━━ DATA SUPPLIED

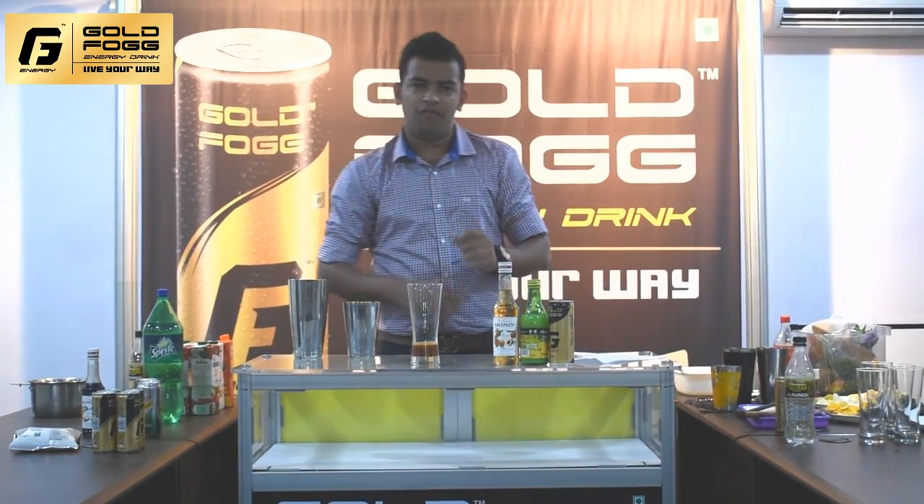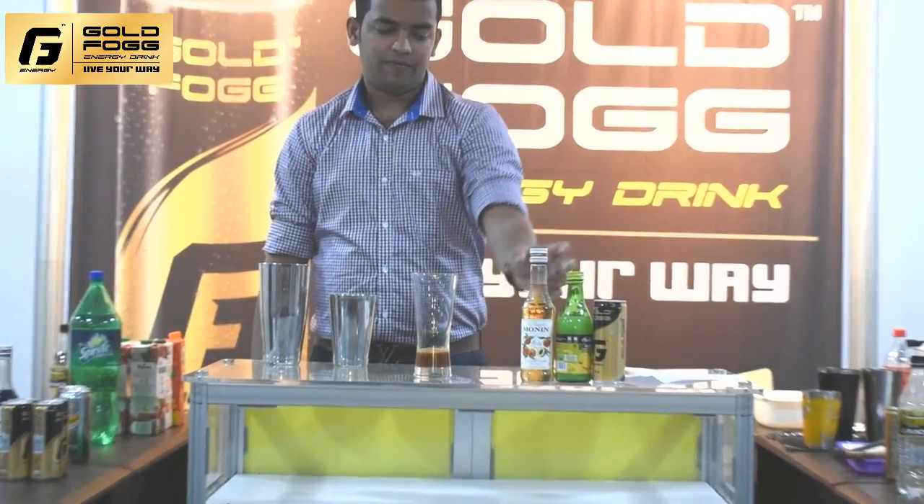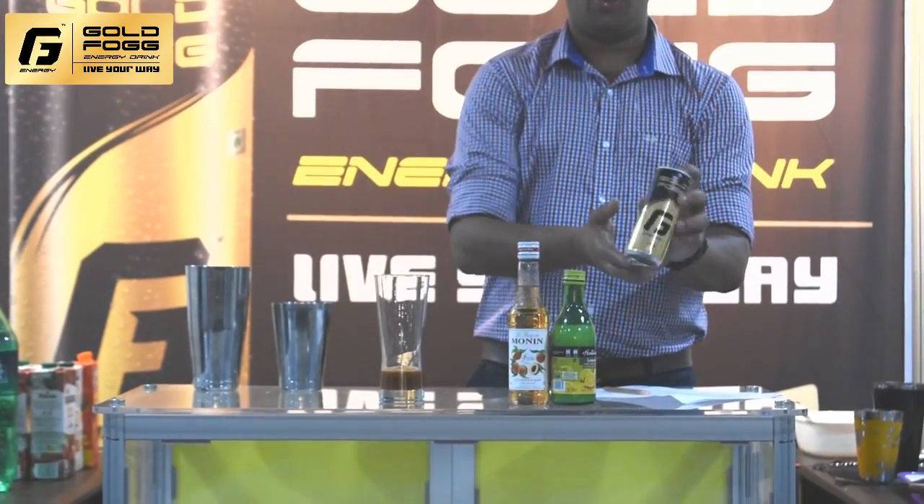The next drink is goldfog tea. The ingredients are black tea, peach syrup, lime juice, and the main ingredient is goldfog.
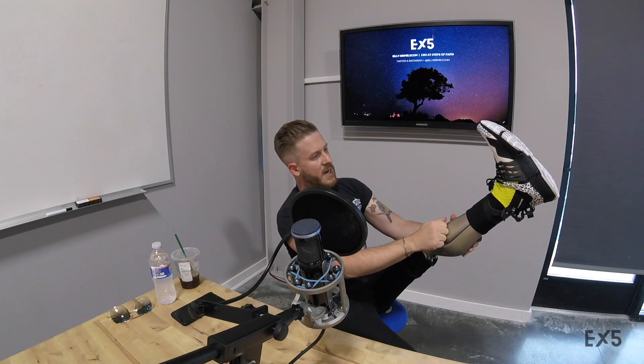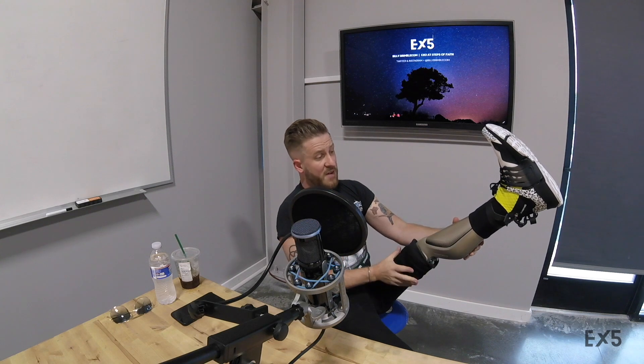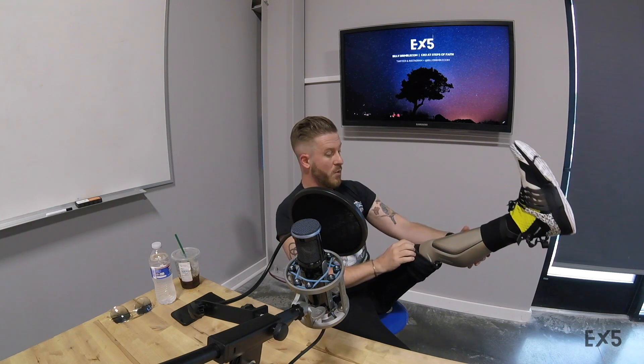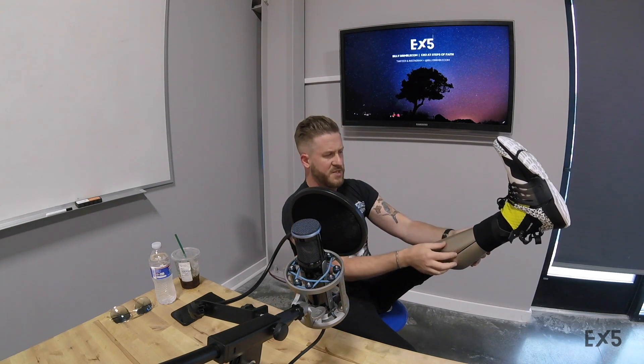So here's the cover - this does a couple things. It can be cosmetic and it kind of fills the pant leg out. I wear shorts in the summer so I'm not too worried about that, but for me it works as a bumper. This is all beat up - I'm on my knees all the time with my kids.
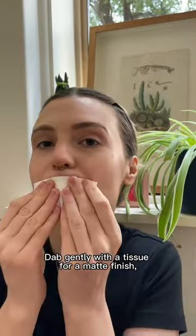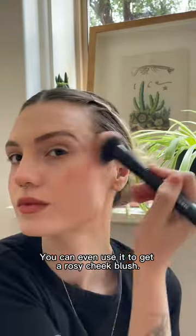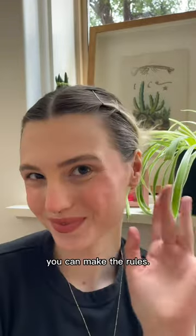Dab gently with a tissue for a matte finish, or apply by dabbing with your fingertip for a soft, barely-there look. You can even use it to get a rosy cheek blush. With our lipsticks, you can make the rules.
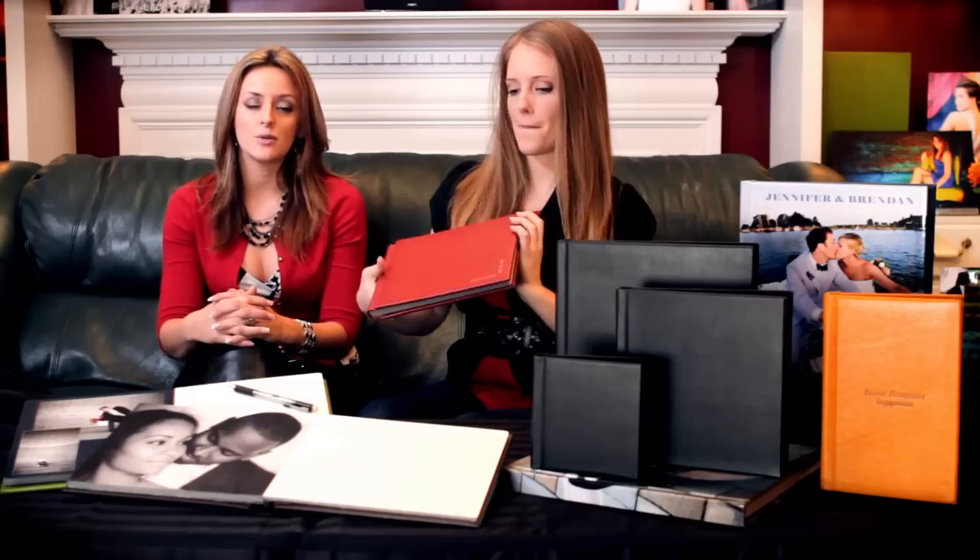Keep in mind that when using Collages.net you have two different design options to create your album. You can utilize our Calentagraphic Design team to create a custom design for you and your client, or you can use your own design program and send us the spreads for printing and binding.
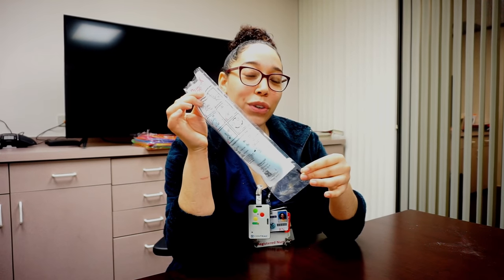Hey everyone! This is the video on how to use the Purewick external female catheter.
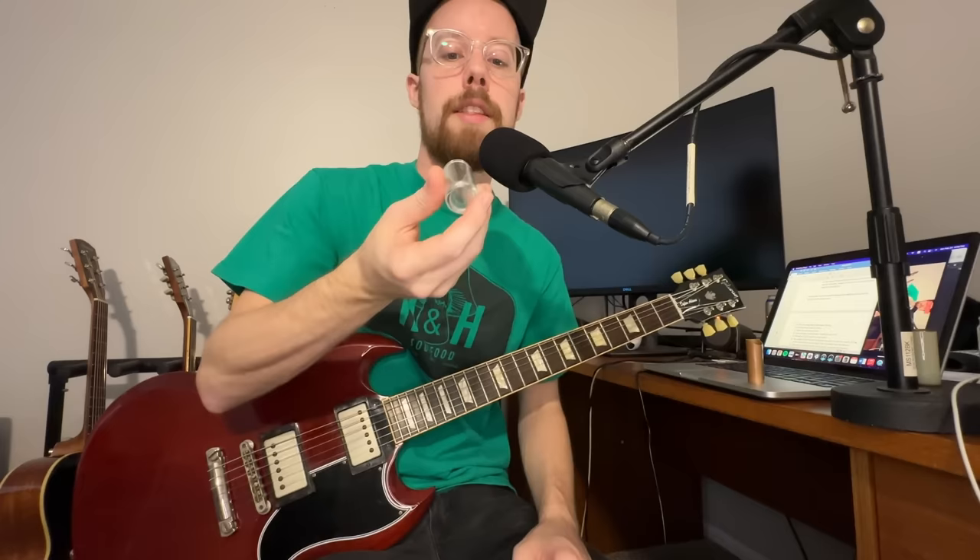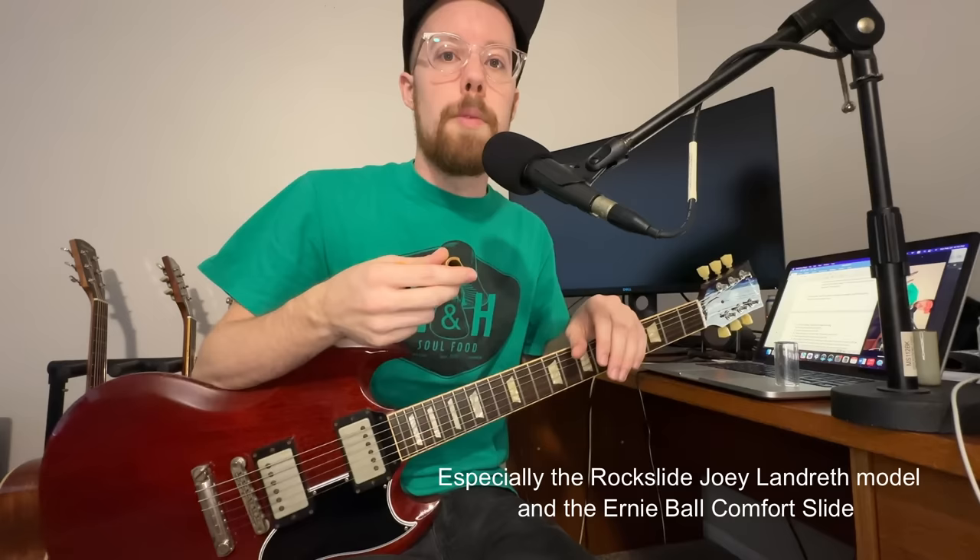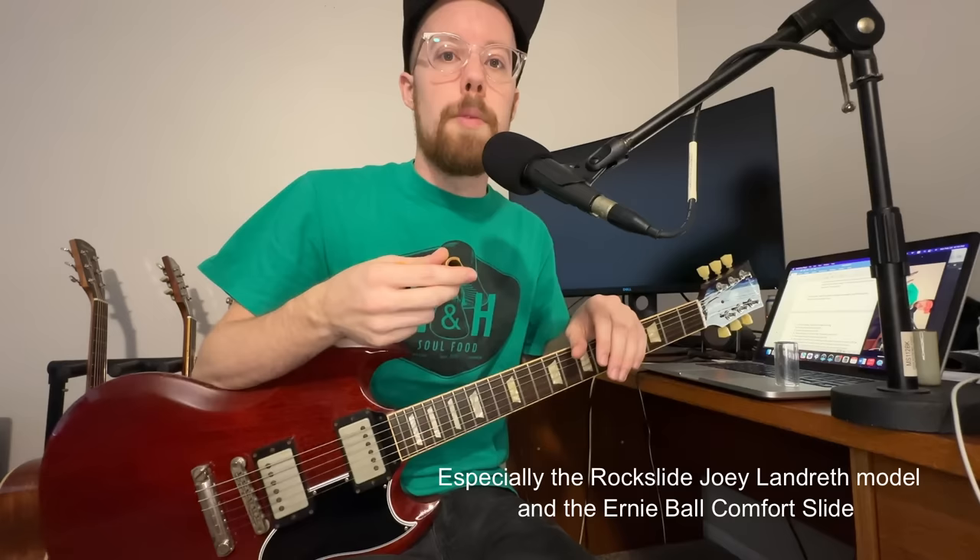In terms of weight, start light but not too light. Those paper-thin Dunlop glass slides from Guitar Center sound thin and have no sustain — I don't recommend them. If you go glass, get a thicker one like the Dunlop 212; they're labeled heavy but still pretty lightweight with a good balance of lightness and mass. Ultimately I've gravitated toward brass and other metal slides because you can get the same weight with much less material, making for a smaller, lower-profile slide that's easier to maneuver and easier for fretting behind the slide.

━━━━

# TASK TO COMPLETE:
Word for word and without pictures, please write out only the lines from the start of the entries through the line containing "So here's the", both included.

# SOLUTION BELOW:
The next drink is goldfog tea. The ingredients are black tea, peach syrup, lime juice, and the main ingredient is goldfog.
So here's the cover - this does a couple things. It can be cosmetic and it kind of fills the pant leg out. I wear shorts in the summer so I'm not too worried about that, but for me it works as a bumper. This is all beat up - I'm on my knees all the time with my kids.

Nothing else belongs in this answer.